Let $E = (E^0, E^1, s,r)$ be an arbitrary directed graph (i.e., no restriction is placed on the cardinality of $E^0$, or of $E^1$, or of $s^{-1}(v)$ for $v\in E^0$). Let $L_K(E)$ denote the Leavitt path algebra of $E$ with coefficients in a field $K$, and let $C^*(E)$ denote the graph C$^*$-algebra of $E$.
% (Note: here $C^*(E)$ need not be separable.)
We give necessary and sufficient conditions on $E$ so that $L_K(E)$ is primitive. (This is joint work with Jason Bell and K.M. Rangaswamy.) We then show that these same conditions are precisely the necessary and sufficient conditions on $E$ so that $C^*(E)$ is primitive. (This is joint work with Mark Tomforde.)

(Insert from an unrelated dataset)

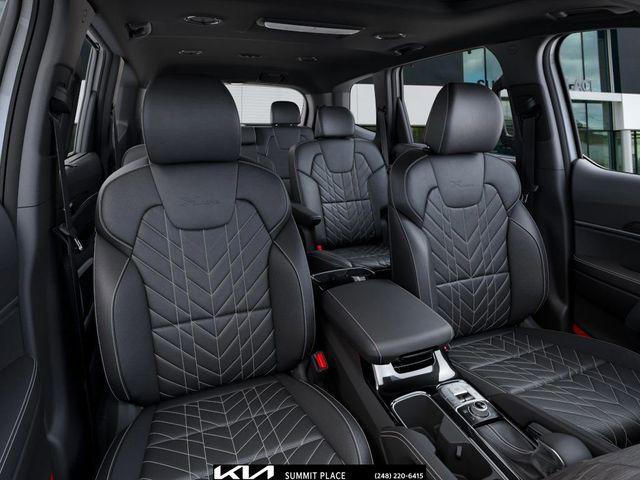 new 2025 Kia Telluride car, priced at $45,339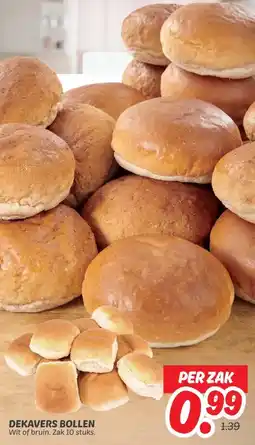 Dekamarkt Dekavers bollen aanbieding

This situation gives yet another example of algebraic / analytic properties of the graph algebras $L_K(E)$ and $C^*(E)$ for which the graph conditions equivalent to said property are identical, but for which the proof / techniques used are significantly different. In the Leavitt path algebra setting, we show how this result allows for the easy construction of a large collection of prime, non-primitive von Neumann regular algebras (thereby giving a systematic answer to a decades-old question of Kaplansky). In the graph C$^*$-algebra setting, we show how this result allows for the easy construction of a large collection of prime, non-primitive C$^*$-algebras (thereby giving a systematic answer to a decades-old question of Dixmier).